Paper was once a luxury item, and very expensive. Japanese momigami paper is crumpled paper from particular plant. There is a spiritual connection with it, as the paper has a direct connection with living plant. It is respected as coming from the earth. We have clearly lost that connection: paper come from trees that take ages to grow, and then we just coat it in plastic so it’s waterproof, so it can’t be reabsorbed into soil.
Sue sees the tricky side of creating things from plastic, because the things she makes are all still plastic! Harper knitted crisp packets together, and people would comment how beautiful it is. She would think ‘no it’s just litter!’ It’s a hard thing to communicate. Of course there is an argument that it is cheaper to make crisp packets, and it’s better for climate change than creating glass and driving these larger items around the countryside. What is for the best?
TerraCycle is an organisation that collects certain company’s rubbish: it’s about zero-landfill. For example McVities packets sent to them. It is good that some companies are trying to be responsible enough to find somewhere to recycle them. Many things are recyclable but it’s getting them to the place to do it! Sue has found that it’s become a bit of an obsession: there are lots of recycling ways available, but it’s not yet fully broken into the world of plastics. Even if we could easily recycle it, it doesn’t stop consumerism: surely it’s also necessary to consider what we’re buying in the first place!
The first step is changing the mentality. Sue has introduced 3 recycling bins in Earthfare: for plastic bottles, polythene, and the tetra cartons. Tetra can be recycled very easily! However, people are often in a hurry and put things in the wrong bins- the fact is we still can’t sort our rubbish! The Book of Lost Knowledge reflects how we have become a throw-away culture. Things are 100% recyclable (there is probably enough aluminium in the world to keep re-using it, if only we can recycle it). In a capitalist society we need jobs to make money, so we perhaps have a child-like mentality like when as a child we’d throw litter on floor and think ‘that’s someones job to pick it up’. However we are seeing more and more jobs in sustainability now.
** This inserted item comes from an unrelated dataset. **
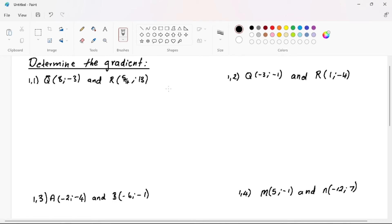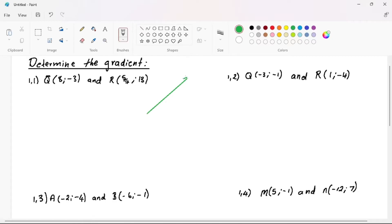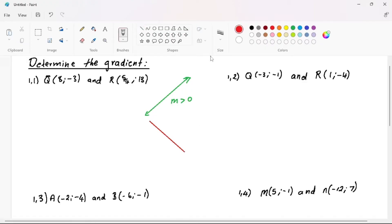Hello, welcome to Tutoring Success, my Level 7 Pioneers. In this video, I'm going to teach you everything you need to know about gradients. A gradient is simply a calculation of how steep your graph is going to be. When you have a straight line pointing to the right, your gradient is greater than zero, meaning it is positive. When your line points to the left, your gradient is going to be negative.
Sue aims to use this art work to change people’s mentality, making the invisible, visible. We so often throw things away and forget about it: but it still exists somewhere! It should be easy, but we are getting there. It was not so long ago that they introduced recycling bins outside houses and lorries that sort it. Green Wedmore are making a map for all green initiatives in Somerset.
And other countries do it very well: in India, they recycle everything, it’s a good business! The Japanese are very good, such as Kintsugi: the art of mending things. When something is repaired, it is more beautiful and more loved. Like when you have a row with a loved one, it feels broken, but actually the relationship becomes stronger afterwards. Just because something broken: love it and honour it, mend it! It’s a beautiful art form which repairs ceramic with gold. They see it as a reminder that we are stronger and more beautiful for having been broken. This spiritual idea helps us in difficult times.
Sue and the other college students will have an exhibition at the end of the year. When the sustainability project is over, Sue’s next project will be about the Suffrage movement and how women got the vote. It will focus on persistence, about how people carry on even when times are difficult, how we must keep trying and trying. Even though things can be painful, the result is maybe even more beautiful for having been hard.